Historically, maize has been a really important grain in Mexico, and is still a staple for much of the country.  There are countless cultivars of maize, but most are hard, starchy varieties rather than the soft sweet corn we generally eat at home.  Maize is ground into flour for tortillas, steamed in banana leaves to make tamales and humitas, or cooked whole on the cob.  Street food stands sell elotes – boiled maize, on or off the cob, served hot.  Most people eat this with a decadent combination of sour cream, mayonnaise, cheese and chilli, but we prefer the simplicity of just chilli, lime and salt.
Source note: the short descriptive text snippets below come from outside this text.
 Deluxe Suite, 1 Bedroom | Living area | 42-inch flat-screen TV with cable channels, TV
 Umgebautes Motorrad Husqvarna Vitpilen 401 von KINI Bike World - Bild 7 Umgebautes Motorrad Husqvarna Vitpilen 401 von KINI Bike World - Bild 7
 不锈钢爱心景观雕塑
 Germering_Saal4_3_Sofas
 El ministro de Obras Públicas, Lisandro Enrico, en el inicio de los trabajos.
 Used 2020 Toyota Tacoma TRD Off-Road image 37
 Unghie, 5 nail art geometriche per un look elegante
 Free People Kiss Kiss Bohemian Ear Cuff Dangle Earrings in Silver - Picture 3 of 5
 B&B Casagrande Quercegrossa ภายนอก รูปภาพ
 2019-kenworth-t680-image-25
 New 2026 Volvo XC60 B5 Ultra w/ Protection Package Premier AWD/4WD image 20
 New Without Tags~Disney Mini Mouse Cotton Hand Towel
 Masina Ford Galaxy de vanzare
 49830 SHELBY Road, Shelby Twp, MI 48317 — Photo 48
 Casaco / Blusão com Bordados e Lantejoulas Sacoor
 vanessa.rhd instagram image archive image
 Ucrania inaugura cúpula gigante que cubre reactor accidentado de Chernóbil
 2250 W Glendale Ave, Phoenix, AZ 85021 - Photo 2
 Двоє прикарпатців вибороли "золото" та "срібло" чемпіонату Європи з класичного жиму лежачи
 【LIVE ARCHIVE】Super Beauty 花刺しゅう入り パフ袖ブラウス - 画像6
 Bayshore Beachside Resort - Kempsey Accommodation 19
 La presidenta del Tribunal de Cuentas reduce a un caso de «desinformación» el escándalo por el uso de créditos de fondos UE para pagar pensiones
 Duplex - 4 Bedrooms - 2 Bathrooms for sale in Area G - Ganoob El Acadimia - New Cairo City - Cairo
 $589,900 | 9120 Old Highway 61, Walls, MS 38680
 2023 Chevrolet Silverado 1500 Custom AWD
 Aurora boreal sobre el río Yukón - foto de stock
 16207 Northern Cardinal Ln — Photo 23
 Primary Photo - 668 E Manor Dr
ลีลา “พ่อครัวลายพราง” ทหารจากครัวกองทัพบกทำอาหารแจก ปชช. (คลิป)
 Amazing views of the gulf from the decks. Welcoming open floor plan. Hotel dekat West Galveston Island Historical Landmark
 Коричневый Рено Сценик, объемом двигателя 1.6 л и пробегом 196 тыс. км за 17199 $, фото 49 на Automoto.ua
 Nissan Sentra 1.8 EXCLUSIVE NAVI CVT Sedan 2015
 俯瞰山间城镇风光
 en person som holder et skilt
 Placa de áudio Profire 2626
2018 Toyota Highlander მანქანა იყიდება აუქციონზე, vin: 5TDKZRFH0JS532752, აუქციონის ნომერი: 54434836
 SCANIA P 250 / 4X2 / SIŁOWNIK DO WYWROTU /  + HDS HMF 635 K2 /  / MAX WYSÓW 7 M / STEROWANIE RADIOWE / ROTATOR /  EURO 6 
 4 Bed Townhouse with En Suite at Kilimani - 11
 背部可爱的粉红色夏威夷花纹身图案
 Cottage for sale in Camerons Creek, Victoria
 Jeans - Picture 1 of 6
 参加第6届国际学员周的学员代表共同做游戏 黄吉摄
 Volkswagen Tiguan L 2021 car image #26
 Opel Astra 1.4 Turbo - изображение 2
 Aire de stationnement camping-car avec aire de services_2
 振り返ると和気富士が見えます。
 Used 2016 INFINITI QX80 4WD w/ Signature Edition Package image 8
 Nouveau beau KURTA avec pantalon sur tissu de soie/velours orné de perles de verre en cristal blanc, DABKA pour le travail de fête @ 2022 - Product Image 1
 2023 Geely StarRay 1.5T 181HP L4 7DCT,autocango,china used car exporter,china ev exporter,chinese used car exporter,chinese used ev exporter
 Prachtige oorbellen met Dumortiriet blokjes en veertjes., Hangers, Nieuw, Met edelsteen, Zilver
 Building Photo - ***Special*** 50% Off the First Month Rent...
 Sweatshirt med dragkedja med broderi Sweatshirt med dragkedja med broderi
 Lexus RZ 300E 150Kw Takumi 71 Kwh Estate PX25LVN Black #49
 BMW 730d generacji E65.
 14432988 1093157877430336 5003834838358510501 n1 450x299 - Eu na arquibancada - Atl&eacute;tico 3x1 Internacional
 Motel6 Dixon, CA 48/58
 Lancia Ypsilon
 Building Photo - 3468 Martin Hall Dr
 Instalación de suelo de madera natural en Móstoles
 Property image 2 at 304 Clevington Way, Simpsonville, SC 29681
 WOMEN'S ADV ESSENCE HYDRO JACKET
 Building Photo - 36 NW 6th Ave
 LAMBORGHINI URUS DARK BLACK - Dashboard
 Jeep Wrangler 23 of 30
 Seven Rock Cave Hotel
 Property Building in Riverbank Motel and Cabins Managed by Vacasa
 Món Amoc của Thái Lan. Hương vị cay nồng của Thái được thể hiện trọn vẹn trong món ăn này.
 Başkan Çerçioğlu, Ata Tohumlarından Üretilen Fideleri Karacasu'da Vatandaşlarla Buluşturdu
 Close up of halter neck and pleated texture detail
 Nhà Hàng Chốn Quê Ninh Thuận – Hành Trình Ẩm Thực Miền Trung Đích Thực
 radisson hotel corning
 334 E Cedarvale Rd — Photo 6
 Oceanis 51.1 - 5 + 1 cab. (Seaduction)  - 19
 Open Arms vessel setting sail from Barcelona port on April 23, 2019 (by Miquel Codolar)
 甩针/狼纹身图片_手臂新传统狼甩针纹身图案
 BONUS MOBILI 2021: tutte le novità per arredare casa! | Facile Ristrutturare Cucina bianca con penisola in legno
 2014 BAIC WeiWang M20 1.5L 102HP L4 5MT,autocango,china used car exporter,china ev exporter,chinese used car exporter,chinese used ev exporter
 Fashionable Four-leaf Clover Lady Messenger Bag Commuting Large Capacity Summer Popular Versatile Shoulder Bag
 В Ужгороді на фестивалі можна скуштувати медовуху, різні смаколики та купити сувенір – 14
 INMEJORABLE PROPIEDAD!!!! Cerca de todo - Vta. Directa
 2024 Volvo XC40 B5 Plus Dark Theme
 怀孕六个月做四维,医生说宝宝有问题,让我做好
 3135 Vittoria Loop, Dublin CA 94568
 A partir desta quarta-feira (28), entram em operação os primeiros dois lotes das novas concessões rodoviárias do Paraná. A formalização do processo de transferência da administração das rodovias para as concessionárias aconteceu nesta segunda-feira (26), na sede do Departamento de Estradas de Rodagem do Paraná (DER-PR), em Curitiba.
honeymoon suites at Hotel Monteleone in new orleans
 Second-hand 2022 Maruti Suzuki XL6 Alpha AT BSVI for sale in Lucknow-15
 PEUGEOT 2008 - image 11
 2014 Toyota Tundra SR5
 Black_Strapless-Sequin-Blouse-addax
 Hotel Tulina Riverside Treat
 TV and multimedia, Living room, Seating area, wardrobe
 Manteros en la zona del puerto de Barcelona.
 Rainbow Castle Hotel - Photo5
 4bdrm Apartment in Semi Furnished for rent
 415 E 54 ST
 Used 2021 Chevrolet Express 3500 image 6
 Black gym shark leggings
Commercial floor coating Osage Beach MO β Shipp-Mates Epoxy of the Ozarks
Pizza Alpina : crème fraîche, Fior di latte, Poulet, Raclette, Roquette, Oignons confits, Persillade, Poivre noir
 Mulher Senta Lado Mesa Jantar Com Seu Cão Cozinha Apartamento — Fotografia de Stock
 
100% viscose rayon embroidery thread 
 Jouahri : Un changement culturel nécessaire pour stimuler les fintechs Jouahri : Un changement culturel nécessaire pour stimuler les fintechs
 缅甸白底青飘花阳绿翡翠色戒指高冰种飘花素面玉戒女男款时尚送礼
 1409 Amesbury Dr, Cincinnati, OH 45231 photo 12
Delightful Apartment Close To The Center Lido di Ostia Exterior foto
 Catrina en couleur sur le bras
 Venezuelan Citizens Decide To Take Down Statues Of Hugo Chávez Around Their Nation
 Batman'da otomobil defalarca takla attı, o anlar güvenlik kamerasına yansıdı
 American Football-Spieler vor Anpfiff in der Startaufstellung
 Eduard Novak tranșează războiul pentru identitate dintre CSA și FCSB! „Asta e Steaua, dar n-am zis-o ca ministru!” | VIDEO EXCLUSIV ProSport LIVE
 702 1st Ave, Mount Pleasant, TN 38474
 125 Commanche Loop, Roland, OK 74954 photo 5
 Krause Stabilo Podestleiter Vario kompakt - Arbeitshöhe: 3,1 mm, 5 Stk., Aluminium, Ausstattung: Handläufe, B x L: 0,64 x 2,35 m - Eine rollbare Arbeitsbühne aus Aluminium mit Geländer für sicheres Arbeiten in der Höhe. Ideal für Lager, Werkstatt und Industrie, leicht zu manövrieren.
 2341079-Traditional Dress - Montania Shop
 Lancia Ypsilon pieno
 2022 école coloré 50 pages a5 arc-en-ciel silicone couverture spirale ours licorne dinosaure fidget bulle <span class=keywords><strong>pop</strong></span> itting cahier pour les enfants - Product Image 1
While not exclusively Yucatecan, we’ve really been getting into tacos.  Tacos are fresh and wholesome and delicious.  They involve soft maize tortillas, spoonfuls of black beans (or meat, but we’ve been sticking to vegetarian), piles of crisp, fresh raw vegetables, avocado, a little queso fresco, and an assortment of tasty salsas made from different chillis combined with tomato, tomatillo, and/or other mystery ingredients.  We’ve eaten tacos for breakfast in hot, bustling restaurants; we’ve eaten tacos for lunch on paper plates from tiny street corner taco stands; we’ve eaten tacos amid the hubbub of the evening salsa crowd.  We just really like tacos!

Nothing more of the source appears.